Recently, we were recognized as one of the top ranking great places to work at, selected by a US organization called Great Places to Work (GPTW). Ours is an organization with so many ‘millennials’ working. So we need to understand them as their perceptions are different to those of the previous generations.


Q: Can you throw light on the initiative ‘Give2Lanka’, which you support?


Give2Lanka operates on the concept that education is the way out of poverty. We have a ‘Smart Kids’ program, where gifted children are identified and empowered as it is likely that such children will be catalysts of hope to their families and their communities as well. IronOne contributes to this program in form of scholarships as we believe in giving back to society.


Q: As a person who has been a victim of violence in the country, having lost your illustrious father Prof. Stanley Wijesundera to it at one phase of the country’s history of terror, how do you relate to the recent episode of violence in the country?


When you have this kind of disruption in your family, it is not easy to get over it. Very often it becomes a life-long pain. My mother had a huge amount of inner strength to face the family tragedy. Losing my father was her second blow in a space of six years, having lost her brother - our uncle Upali, who disappeared a few years back, leaving the entire family in a vortex of confusion. Yet she picked up pieces and pragmatically looked at the future of her four children.


Despite everything she was positive. I think her strength and optimism gave us the confidence to be what we are today.


From a national and a global perspective, we are so connected today and we have to learn to accept diversity with no extremism. If we are to move forward as a country, we need to think bigger and most importantly peace has to be restored in the country.


Q: What are your other interests?


I love going to my estate and developing it not for non-commercial purposes, but for the balmy effect it has on me.
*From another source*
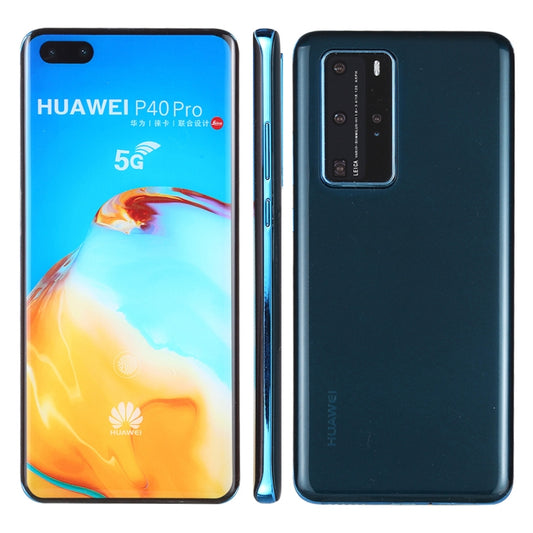 For Huawei P40 Pro 5G Color Screen Non-Working Fake Dummy Display Model (Blue) - For Huawei by PMC Jewellery | Online Shopping South Africa | PMC Jewellery | Buy Now Pay Later Mobicred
I am a great lover of dogs, particularly Labradors. I also have a love for minimalistic large open spaces and I have great interest in it and strive to create such spaces even in my home surroundings.


Q: Finally, as a trendsetting Sri Lankan woman, what do you see as the best part of being a Sri Lankan?


I take immense pride in my Sri Lankan identity. Ours is a nation we can take so much pride in. Those from near and far find this island nation interesting and unique. I only hope the recent unfortunate incidents will not have a long lasting impression on our country. We are a resilient nation that can rise up from the rubble.


As an ICT professional, I also see the country as a high density pool of talent in technology from across the whole region, which is therefore very advantageous for those in the software sector. All this and much more makes it being a Sri Lankan truly great!